- THE RECORDS -
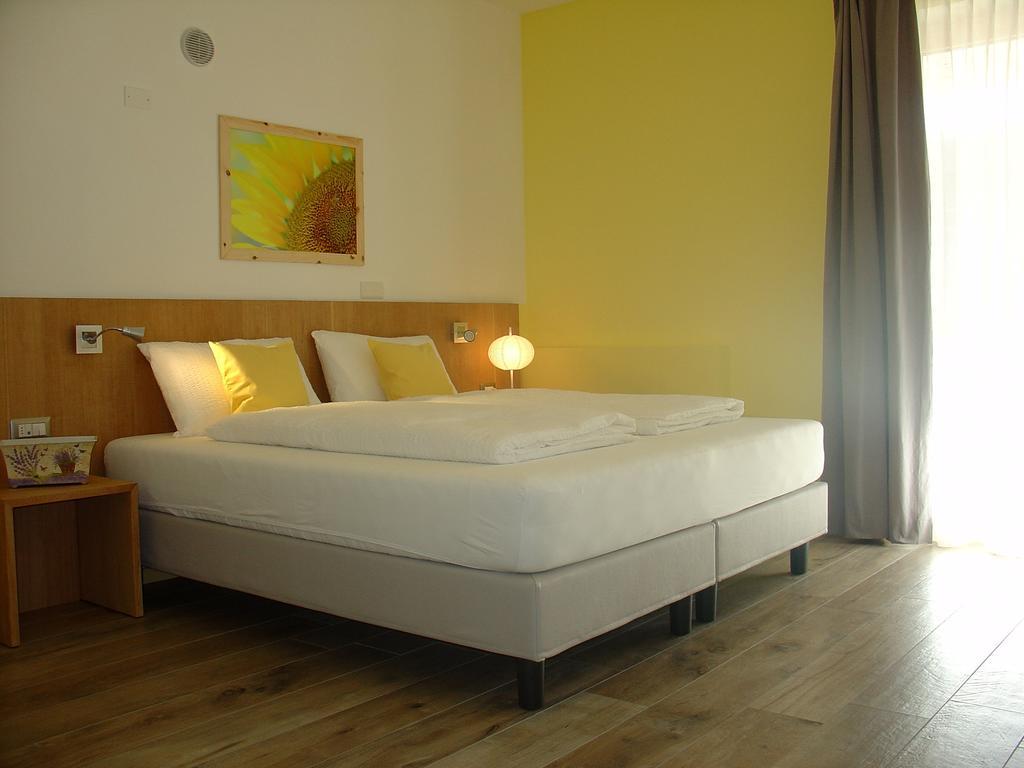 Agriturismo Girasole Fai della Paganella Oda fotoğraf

* * *

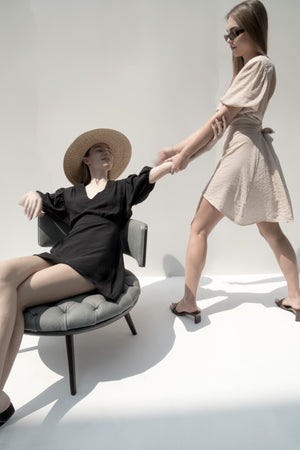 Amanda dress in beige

---

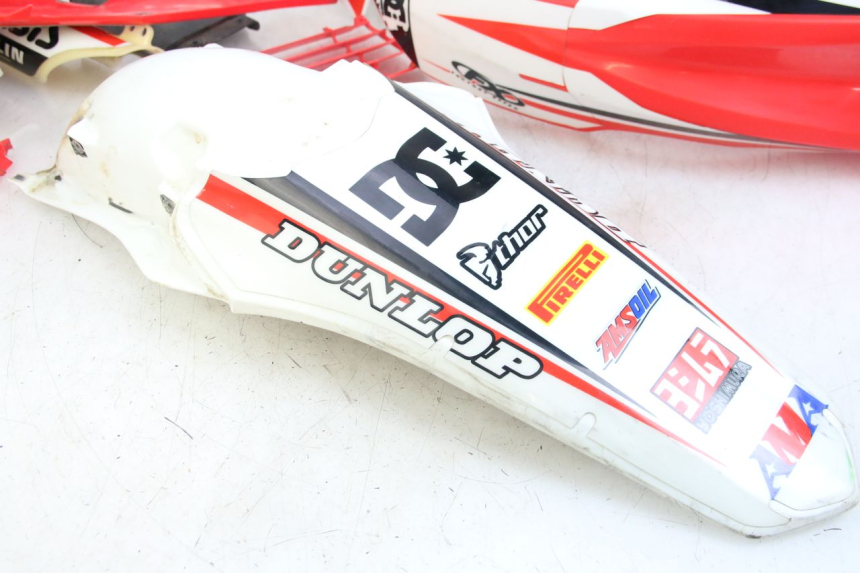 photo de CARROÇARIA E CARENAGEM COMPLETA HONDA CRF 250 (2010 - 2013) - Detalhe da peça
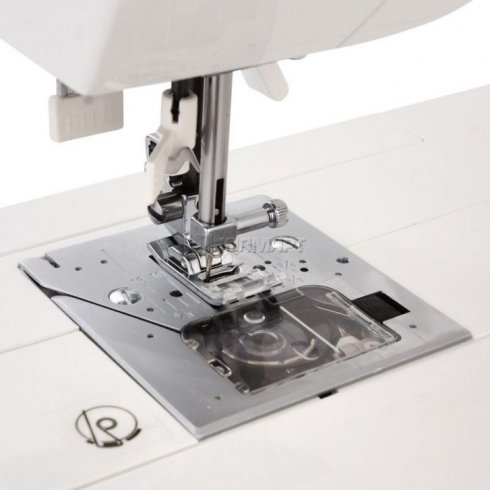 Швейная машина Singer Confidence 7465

- WHAT YOU WILL DO -
Transcribe exactly the lines above, beginning at the one with "photo de CARROÇARIA" and going up to and including the one with "Швейная машина Singer Confidence 7465". Pictures do not belong in the copy.

- COMPLETED EXERCISE -
 photo de CARROÇARIA E CARENAGEM COMPLETA HONDA CRF 250 (2010 - 2013) - Detalhe da peça
 Швейная машина Singer Confidence 7465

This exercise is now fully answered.